Input START
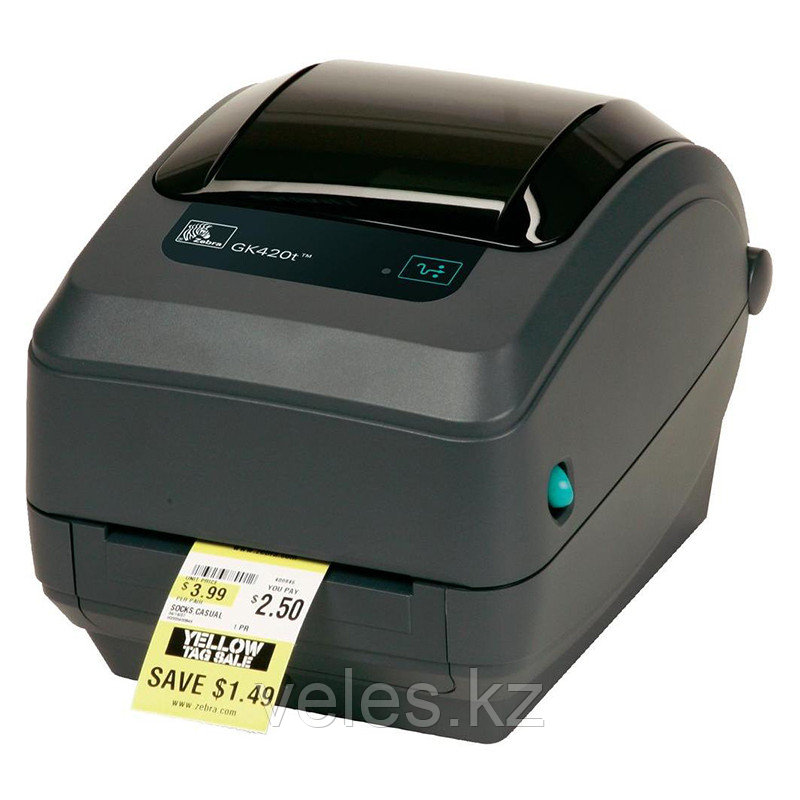 Принтер этикеток Zebra GK420t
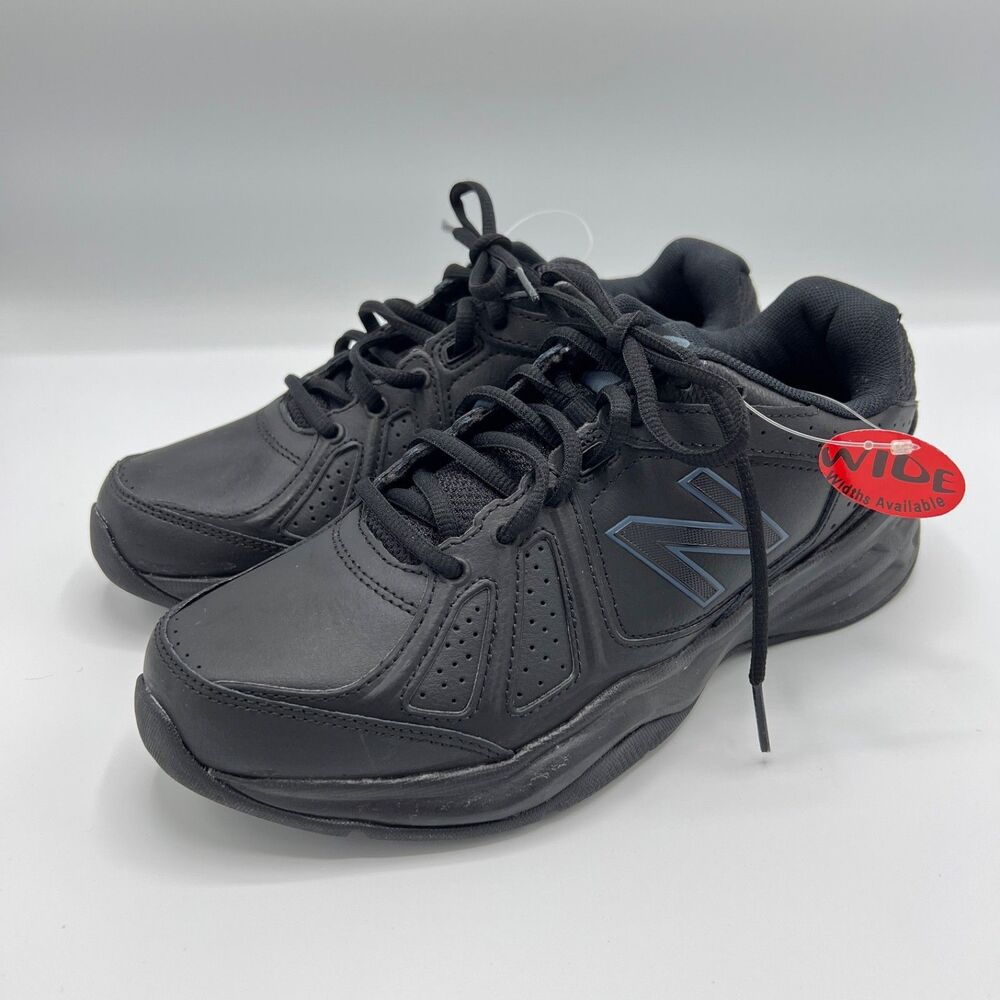 NIB New Balance 409 Sneakers Women's Size 8.5 D Wide Black/Blue - Picture 6 of 10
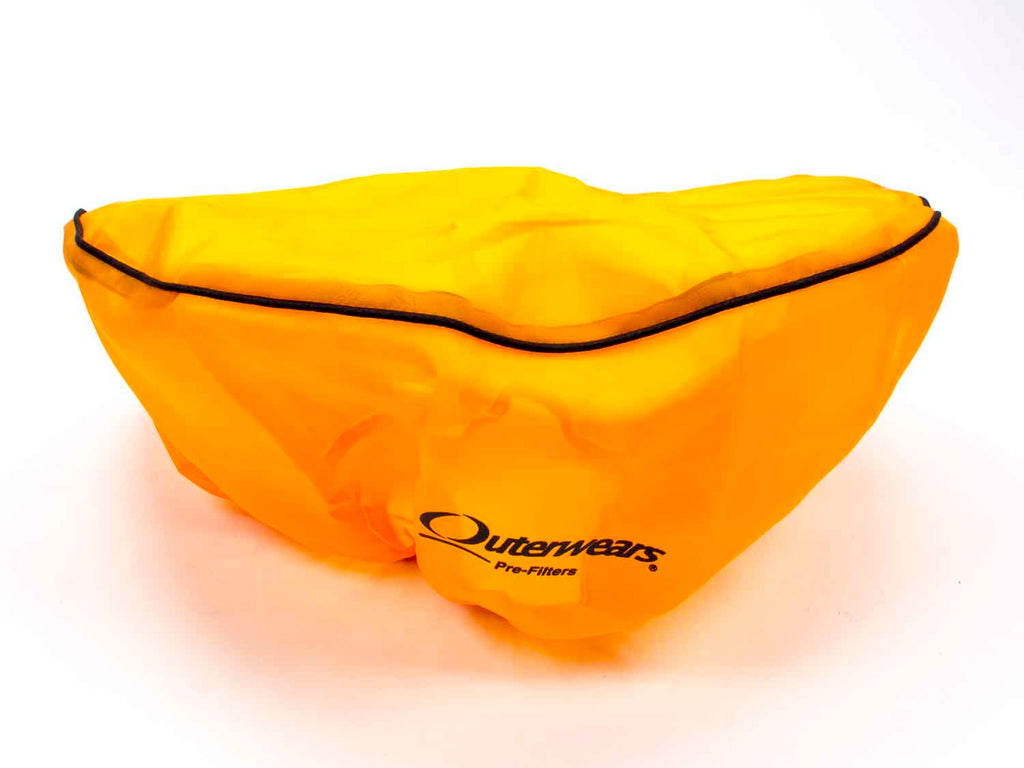 OUTERWEARS 10-1160-05 14in. x 6in. Pre-Filter W/Top Orange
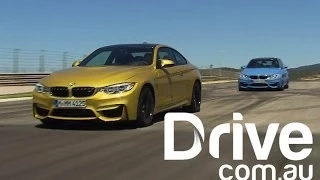 BMW M3 and M4 2014 Track Tested | Drive.com.au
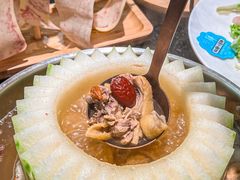 -得意咚瓜·顺德鱼生·冬瓜火锅(深圳首店)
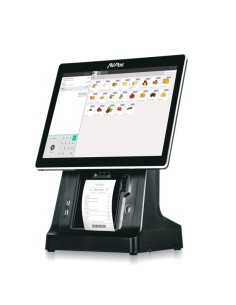 TPV AVPOS K6000 15 I5/8GB/SSD128GB/WIFI+BT W11P + IMPRESORA 3YR GARANTIA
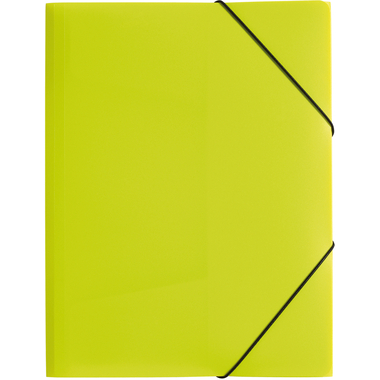 PAGNA Gummibandmappe Trend A3 21638-17 grün 3 Klappen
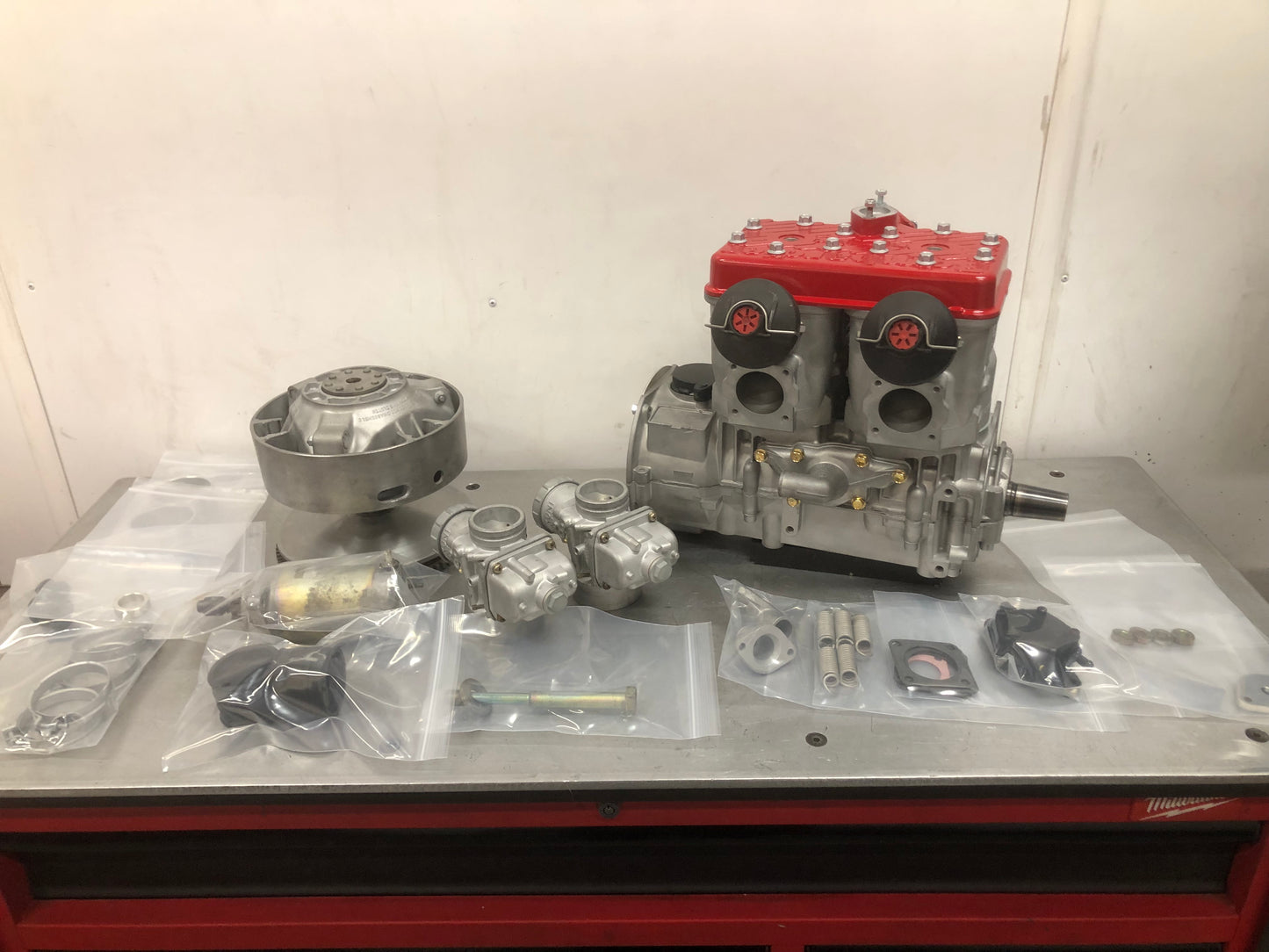 Fl350 95hp Rotax 583 Rave Conversion kit
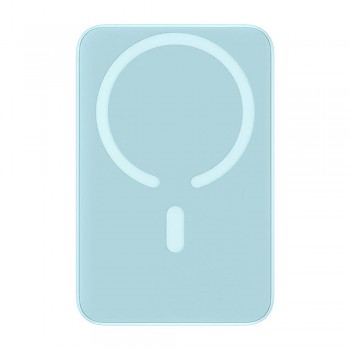 Baseus Power Bank Magnetic Mini 10000mAh 20W s kabelem USB-C modrá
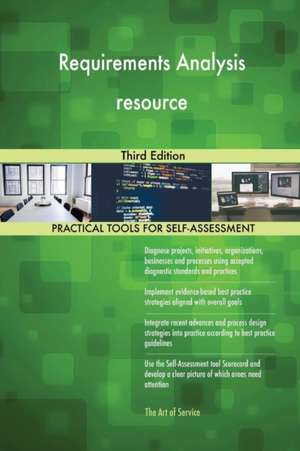 Requirements Analysis resource Third Edition de Gerardus Blokdyk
Input END
◆ **Exercise description**
In the copy, include no pictures, but repeat the listing exactly.

◆ **Response area**
 Принтер этикеток Zebra GK420t
 NIB New Balance 409 Sneakers Women's Size 8.5 D Wide Black/Blue - Picture 6 of 10
 OUTERWEARS 10-1160-05 14in. x 6in. Pre-Filter W/Top Orange
 BMW M3 and M4 2014 Track Tested | Drive.com.au
 -得意咚瓜·顺德鱼生·冬瓜火锅(深圳首店)
 TPV AVPOS K6000 15 I5/8GB/SSD128GB/WIFI+BT W11P + IMPRESORA 3YR GARANTIA
 PAGNA Gummibandmappe Trend A3 21638-17 grün 3 Klappen
 Fl350 95hp Rotax 583 Rave Conversion kit
 Baseus Power Bank Magnetic Mini 10000mAh 20W s kabelem USB-C modrá
 Requirements Analysis resource Third Edition de Gerardus Blokdyk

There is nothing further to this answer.